Il reste tant à faire ! Est-ce qu’en vingt siècles on n’a rien fait ? En vingt siècles, on a beaucoup travaillé ; l’effort de certains pour rabaisser la tâche de ceux qui nous ont précédés ne me parait ni objectif ni honnête. En vingt siècles, on a beaucoup travaillé et souvent très bien. Certes, il y au eu aussi des erreurs, des reculs, de même qu’aujourd’hui on trouve des régressions, des peurs et des timidités, à côté de beaucoup de courage et de générosité Mais la famille humaine se renouvelle constamment. A chaque génération, il faut poursuivre l’effort, aider l’homme à découvrir la grandeur de sa vocation d’enfant de Dieu ; il faut inculquer le commandement de l’amour du Créateur et de notre prochain.

La tâche apostolique que le Christ a confiée à tous ses disciples a donc des répercussions sociales concrètes. Comment penser que, pour être chrétien, il faille tourner le dos au monde, et désespérer de la nature humaine ? Tout ce qui est honnête, quelle que soit son importance, recèle un sens humain et divin à la fois.
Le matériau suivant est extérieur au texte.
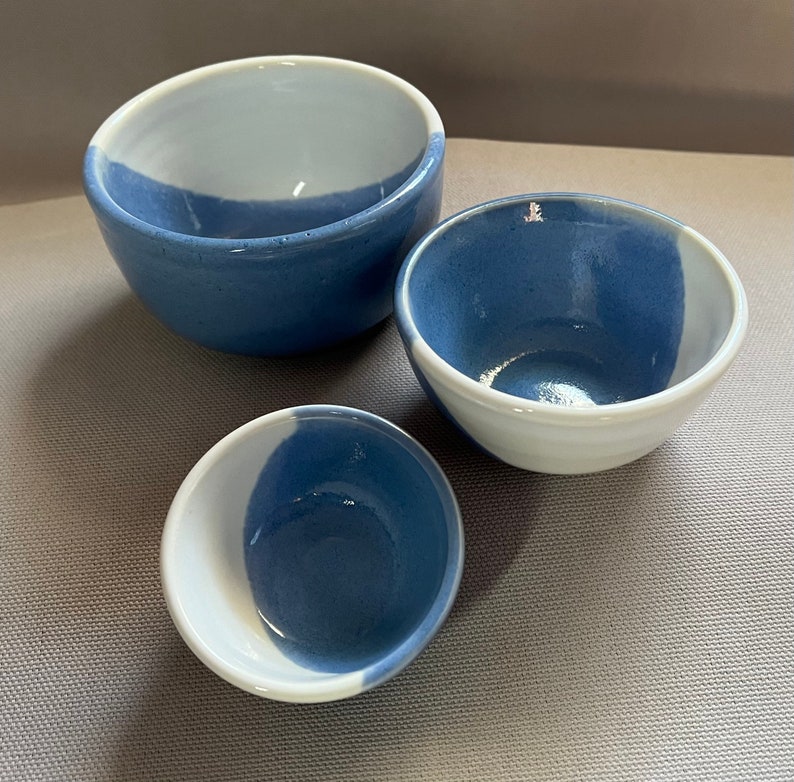 Small Nesting Bowls perfect for measuring ingredients when cooking Blue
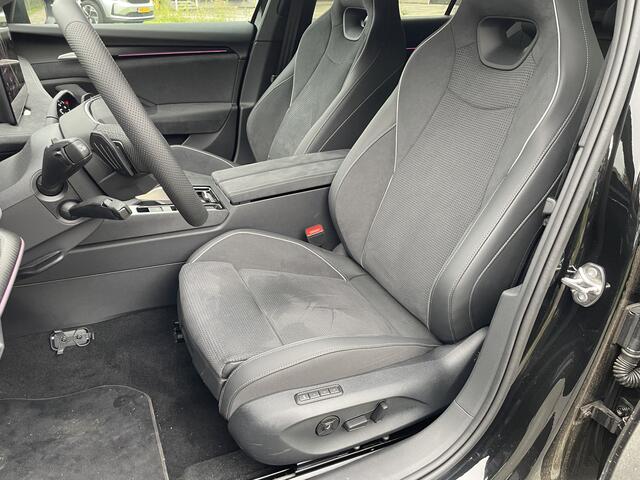 Skoda SUPERB Combi 1.5 TSI eHybrid 204pk PHEV Sportline Business DSG / Navigatie / Stoel+Stuurverwarming / Camera / Trekhaak wegklapbaar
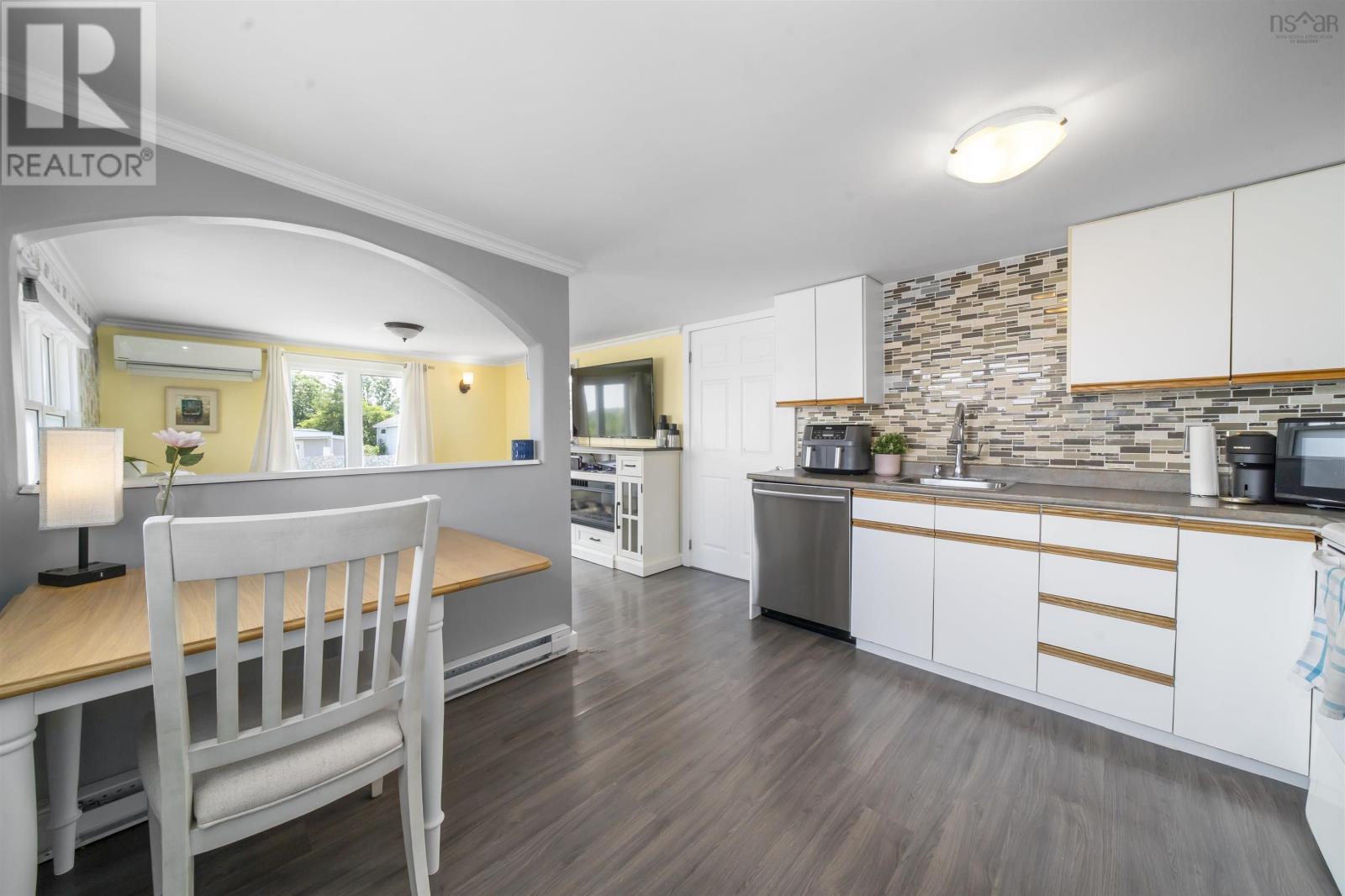 7 Hillside Drive - 33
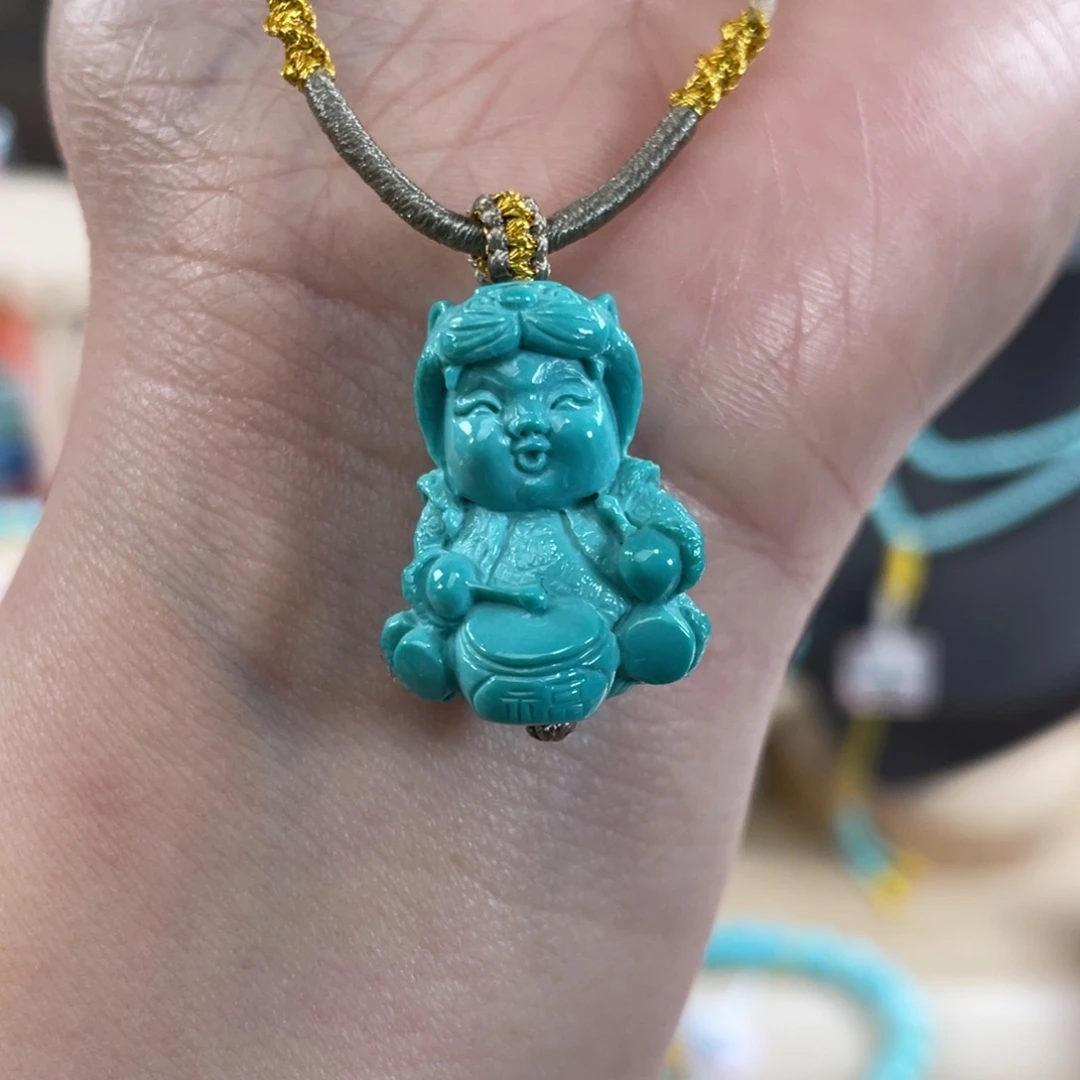 绿松石未镶嵌套链萌娃吊坠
Le Christ, homme parfait, n’est pas venu détruire ce qui est humain, mais l’anoblir, en assumant notre condition humaine, à l’exception du péché : Il est venu partager toutes les aspirations de l’homme, à l’exception de la triste aventure du mal.

Le chrétien doit être toujours disposé à sanctifier la société de l’intérieur, en étant totalement dans le monde, sans être du monde, dans la mesure où celui-ci —non par nature, mais par suite d’une imperfection volontaire, le péché — est négation de Dieu et opposition à son aimable volonté salvatrice.

Permettez-moi de vous raconter un fait que j’ai vécu il y a de nombreuses années. Un homme bon, mais sans foi, me dit un jour en me montrant une mappemonde : Regarde, du nord au sud et de l’est à l’ouest. Que veux-tu que je regarde ? lui demandai-je. Il me répondit : L’échec du Christ. Tant de siècles pour essayer de faire passer sa doctrine dans la vie des hommes, et vois le résultat. Cela me remplit tout d’abord de tristesse. Il est en effet très douloureux de constater que nombreux sont ceux qui ne connaissent pas encore le Seigneur et que, parmi ceux qui le connaissent, nombreux sont ceux qui vivent comme s’ils ne le connaissaient pas.

Mais cette impression ne dura qu’un instant, et fit place à l’amour et à la reconnaissance, parce que Jésus a voulu que chacun coopère librement à son œuvre rédemptrice. Il n’a pas échoué : sa doctrine et sa vie continuent de féconder le monde. La rédemption qu’il a réalisée est suffisante et surabondante.

Dieu ne veut pas d’esclaves. Il veut des fils et il respecte notre liberté. L’œuvre de salut continue et nous y participons. Le Christ veut, selon les dures paroles de saint Paul, que nous complétions en notre chair, en notre vie, ce qui manque à sa passion, pro corpore eius, quod est Ecclesia, pour son corps, qui est l’Église.

Cela vaut la peine de risquer sa vie, de se donner pleinement pour répondre à l’amour et à la confiance que Dieu met en nous. Cela vaut la peine, avant tout, de nous décider à prendre au sérieux notre foi chrétienne. Quand nous récitons le Credo, nous proclamons notre foi en Dieu le Père tout Puissant, en son Fils Jésus-Christ, qui est mort et ressuscité, en l’Esprit Saint, Seigneur et auteur de la vie. Nous confessons que l’Église, une, sainte, catholique et apostolique est le corps du Christ, animé par le Saint-Esprit. Nous nous réjouissons de la rémission des péchés et de l’espérance de la résurrection à venir. Mais ces vérités pénètrent-elles jusqu’au fond de notre cœur, ou bien restent-elles sur nos lèvres ? Le message divin de victoire, de joie et de paix de la Pentecôte, doit être le fondement inébranlable de la façon de penser, de réagir et de vivre de tout chrétien.